Task requirements: The records below need retyping in full; give them again exactly.

(Collected data entries)

====================

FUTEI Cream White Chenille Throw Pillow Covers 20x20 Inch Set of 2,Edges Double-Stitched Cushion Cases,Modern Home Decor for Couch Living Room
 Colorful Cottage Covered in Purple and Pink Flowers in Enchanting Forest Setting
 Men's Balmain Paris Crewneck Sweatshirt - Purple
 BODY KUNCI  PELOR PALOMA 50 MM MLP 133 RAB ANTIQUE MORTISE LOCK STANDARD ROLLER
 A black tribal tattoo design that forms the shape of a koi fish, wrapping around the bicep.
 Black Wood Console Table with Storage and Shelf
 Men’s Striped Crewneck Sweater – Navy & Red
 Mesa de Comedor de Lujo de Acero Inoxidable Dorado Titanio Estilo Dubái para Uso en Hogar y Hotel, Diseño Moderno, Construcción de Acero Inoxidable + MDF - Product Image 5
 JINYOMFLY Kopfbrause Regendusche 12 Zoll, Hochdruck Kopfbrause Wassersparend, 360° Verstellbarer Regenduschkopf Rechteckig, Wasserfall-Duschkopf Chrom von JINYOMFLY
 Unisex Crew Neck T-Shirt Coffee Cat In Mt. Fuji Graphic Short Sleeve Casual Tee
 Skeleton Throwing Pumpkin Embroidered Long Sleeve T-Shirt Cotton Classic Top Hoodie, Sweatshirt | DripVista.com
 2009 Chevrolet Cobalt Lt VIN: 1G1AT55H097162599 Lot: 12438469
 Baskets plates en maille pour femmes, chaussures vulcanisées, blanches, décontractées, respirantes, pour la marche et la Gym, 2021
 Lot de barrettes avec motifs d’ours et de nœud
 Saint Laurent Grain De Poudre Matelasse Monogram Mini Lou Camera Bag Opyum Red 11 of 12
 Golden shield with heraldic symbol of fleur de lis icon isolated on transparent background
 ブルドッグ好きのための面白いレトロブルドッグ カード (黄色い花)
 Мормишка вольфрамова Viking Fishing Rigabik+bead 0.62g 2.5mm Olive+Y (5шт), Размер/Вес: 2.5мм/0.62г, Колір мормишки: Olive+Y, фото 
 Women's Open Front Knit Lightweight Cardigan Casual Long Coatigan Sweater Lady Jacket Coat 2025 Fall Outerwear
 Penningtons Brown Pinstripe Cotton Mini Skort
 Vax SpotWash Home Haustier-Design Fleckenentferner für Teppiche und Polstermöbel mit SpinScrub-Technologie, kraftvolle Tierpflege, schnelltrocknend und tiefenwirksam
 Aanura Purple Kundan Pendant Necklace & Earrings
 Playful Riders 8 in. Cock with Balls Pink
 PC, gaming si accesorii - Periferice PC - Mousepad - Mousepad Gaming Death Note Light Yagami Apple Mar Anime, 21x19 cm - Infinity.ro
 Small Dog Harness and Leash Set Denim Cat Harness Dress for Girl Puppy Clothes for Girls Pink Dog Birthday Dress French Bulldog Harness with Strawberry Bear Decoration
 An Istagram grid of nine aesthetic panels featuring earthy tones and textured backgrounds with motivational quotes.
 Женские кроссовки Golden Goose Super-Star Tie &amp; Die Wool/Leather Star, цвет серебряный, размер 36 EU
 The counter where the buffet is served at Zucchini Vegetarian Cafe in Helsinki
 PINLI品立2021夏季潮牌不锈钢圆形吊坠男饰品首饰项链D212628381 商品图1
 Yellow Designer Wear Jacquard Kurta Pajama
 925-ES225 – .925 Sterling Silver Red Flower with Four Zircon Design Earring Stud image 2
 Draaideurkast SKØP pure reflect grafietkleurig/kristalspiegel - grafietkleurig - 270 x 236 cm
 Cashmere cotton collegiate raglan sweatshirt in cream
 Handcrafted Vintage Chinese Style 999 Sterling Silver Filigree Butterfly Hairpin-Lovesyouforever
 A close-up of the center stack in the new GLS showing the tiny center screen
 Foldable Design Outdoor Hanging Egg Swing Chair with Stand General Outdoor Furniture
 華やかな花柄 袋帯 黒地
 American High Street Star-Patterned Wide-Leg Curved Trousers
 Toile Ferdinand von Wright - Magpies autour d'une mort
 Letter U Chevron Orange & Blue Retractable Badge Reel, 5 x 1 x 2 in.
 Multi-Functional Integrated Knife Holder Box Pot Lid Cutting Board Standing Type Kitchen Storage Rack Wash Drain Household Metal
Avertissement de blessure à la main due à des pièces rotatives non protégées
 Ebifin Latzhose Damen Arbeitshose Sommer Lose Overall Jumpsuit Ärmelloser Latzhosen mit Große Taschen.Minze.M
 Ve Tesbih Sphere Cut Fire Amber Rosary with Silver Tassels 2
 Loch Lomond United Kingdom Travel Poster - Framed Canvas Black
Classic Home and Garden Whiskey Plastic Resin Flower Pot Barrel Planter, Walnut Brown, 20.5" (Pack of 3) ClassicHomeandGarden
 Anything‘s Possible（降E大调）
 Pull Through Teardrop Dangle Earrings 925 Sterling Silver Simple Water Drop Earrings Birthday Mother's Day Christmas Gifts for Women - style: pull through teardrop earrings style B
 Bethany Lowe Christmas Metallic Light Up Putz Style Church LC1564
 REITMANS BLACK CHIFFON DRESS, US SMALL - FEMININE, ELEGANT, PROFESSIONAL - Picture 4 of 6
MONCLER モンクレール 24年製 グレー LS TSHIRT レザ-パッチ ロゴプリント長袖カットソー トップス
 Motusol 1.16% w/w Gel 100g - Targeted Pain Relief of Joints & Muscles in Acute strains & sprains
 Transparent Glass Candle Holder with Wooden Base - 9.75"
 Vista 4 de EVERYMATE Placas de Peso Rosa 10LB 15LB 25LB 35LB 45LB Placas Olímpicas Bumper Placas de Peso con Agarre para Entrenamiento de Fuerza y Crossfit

====================

Result of the exercise:
FUTEI Cream White Chenille Throw Pillow Covers 20x20 Inch Set of 2,Edges Double-Stitched Cushion Cases,Modern Home Decor for Couch Living Room
 Colorful Cottage Covered in Purple and Pink Flowers in Enchanting Forest Setting
 Men's Balmain Paris Crewneck Sweatshirt - Purple
 BODY KUNCI  PELOR PALOMA 50 MM MLP 133 RAB ANTIQUE MORTISE LOCK STANDARD ROLLER
 A black tribal tattoo design that forms the shape of a koi fish, wrapping around the bicep.
 Black Wood Console Table with Storage and Shelf
 Men’s Striped Crewneck Sweater – Navy & Red
 Mesa de Comedor de Lujo de Acero Inoxidable Dorado Titanio Estilo Dubái para Uso en Hogar y Hotel, Diseño Moderno, Construcción de Acero Inoxidable + MDF - Product Image 5
 JINYOMFLY Kopfbrause Regendusche 12 Zoll, Hochdruck Kopfbrause Wassersparend, 360° Verstellbarer Regenduschkopf Rechteckig, Wasserfall-Duschkopf Chrom von JINYOMFLY
 Unisex Crew Neck T-Shirt Coffee Cat In Mt. Fuji Graphic Short Sleeve Casual Tee
 Skeleton Throwing Pumpkin Embroidered Long Sleeve T-Shirt Cotton Classic Top Hoodie, Sweatshirt | DripVista.com
 2009 Chevrolet Cobalt Lt VIN: 1G1AT55H097162599 Lot: 12438469
 Baskets plates en maille pour femmes, chaussures vulcanisées, blanches, décontractées, respirantes, pour la marche et la Gym, 2021
 Lot de barrettes avec motifs d’ours et de nœud
 Saint Laurent Grain De Poudre Matelasse Monogram Mini Lou Camera Bag Opyum Red 11 of 12
 Golden shield with heraldic symbol of fleur de lis icon isolated on transparent background
 ブルドッグ好きのための面白いレトロブルドッグ カード (黄色い花)
 Мормишка вольфрамова Viking Fishing Rigabik+bead 0.62g 2.5mm Olive+Y (5шт), Размер/Вес: 2.5мм/0.62г, Колір мормишки: Olive+Y, фото 
 Women's Open Front Knit Lightweight Cardigan Casual Long Coatigan Sweater Lady Jacket Coat 2025 Fall Outerwear
 Penningtons Brown Pinstripe Cotton Mini Skort
 Vax SpotWash Home Haustier-Design Fleckenentferner für Teppiche und Polstermöbel mit SpinScrub-Technologie, kraftvolle Tierpflege, schnelltrocknend und tiefenwirksam
 Aanura Purple Kundan Pendant Necklace & Earrings
 Playful Riders 8 in. Cock with Balls Pink
 PC, gaming si accesorii - Periferice PC - Mousepad - Mousepad Gaming Death Note Light Yagami Apple Mar Anime, 21x19 cm - Infinity.ro
 Small Dog Harness and Leash Set Denim Cat Harness Dress for Girl Puppy Clothes for Girls Pink Dog Birthday Dress French Bulldog Harness with Strawberry Bear Decoration
 An Istagram grid of nine aesthetic panels featuring earthy tones and textured backgrounds with motivational quotes.
 Женские кроссовки Golden Goose Super-Star Tie &amp; Die Wool/Leather Star, цвет серебряный, размер 36 EU
 The counter where the buffet is served at Zucchini Vegetarian Cafe in Helsinki
 PINLI品立2021夏季潮牌不锈钢圆形吊坠男饰品首饰项链D212628381 商品图1
 Yellow Designer Wear Jacquard Kurta Pajama
 925-ES225 – .925 Sterling Silver Red Flower with Four Zircon Design Earring Stud image 2
 Draaideurkast SKØP pure reflect grafietkleurig/kristalspiegel - grafietkleurig - 270 x 236 cm
 Cashmere cotton collegiate raglan sweatshirt in cream
 Handcrafted Vintage Chinese Style 999 Sterling Silver Filigree Butterfly Hairpin-Lovesyouforever
 A close-up of the center stack in the new GLS showing the tiny center screen
 Foldable Design Outdoor Hanging Egg Swing Chair with Stand General Outdoor Furniture
 華やかな花柄 袋帯 黒地
 American High Street Star-Patterned Wide-Leg Curved Trousers
 Toile Ferdinand von Wright - Magpies autour d'une mort
 Letter U Chevron Orange & Blue Retractable Badge Reel, 5 x 1 x 2 in.
 Multi-Functional Integrated Knife Holder Box Pot Lid Cutting Board Standing Type Kitchen Storage Rack Wash Drain Household Metal
Avertissement de blessure à la main due à des pièces rotatives non protégées
 Ebifin Latzhose Damen Arbeitshose Sommer Lose Overall Jumpsuit Ärmelloser Latzhosen mit Große Taschen.Minze.M
 Ve Tesbih Sphere Cut Fire Amber Rosary with Silver Tassels 2
 Loch Lomond United Kingdom Travel Poster - Framed Canvas Black
Classic Home and Garden Whiskey Plastic Resin Flower Pot Barrel Planter, Walnut Brown, 20.5" (Pack of 3) ClassicHomeandGarden
 Anything‘s Possible（降E大调）
 Pull Through Teardrop Dangle Earrings 925 Sterling Silver Simple Water Drop Earrings Birthday Mother's Day Christmas Gifts for Women - style: pull through teardrop earrings style B
 Bethany Lowe Christmas Metallic Light Up Putz Style Church LC1564
 REITMANS BLACK CHIFFON DRESS, US SMALL - FEMININE, ELEGANT, PROFESSIONAL - Picture 4 of 6
MONCLER モンクレール 24年製 グレー LS TSHIRT レザ-パッチ ロゴプリント長袖カットソー トップス
 Motusol 1.16% w/w Gel 100g - Targeted Pain Relief of Joints & Muscles in Acute strains & sprains
 Transparent Glass Candle Holder with Wooden Base - 9.75"
 Vista 4 de EVERYMATE Placas de Peso Rosa 10LB 15LB 25LB 35LB 45LB Placas Olímpicas Bumper Placas de Peso con Agarre para Entrenamiento de Fuerza y Crossfit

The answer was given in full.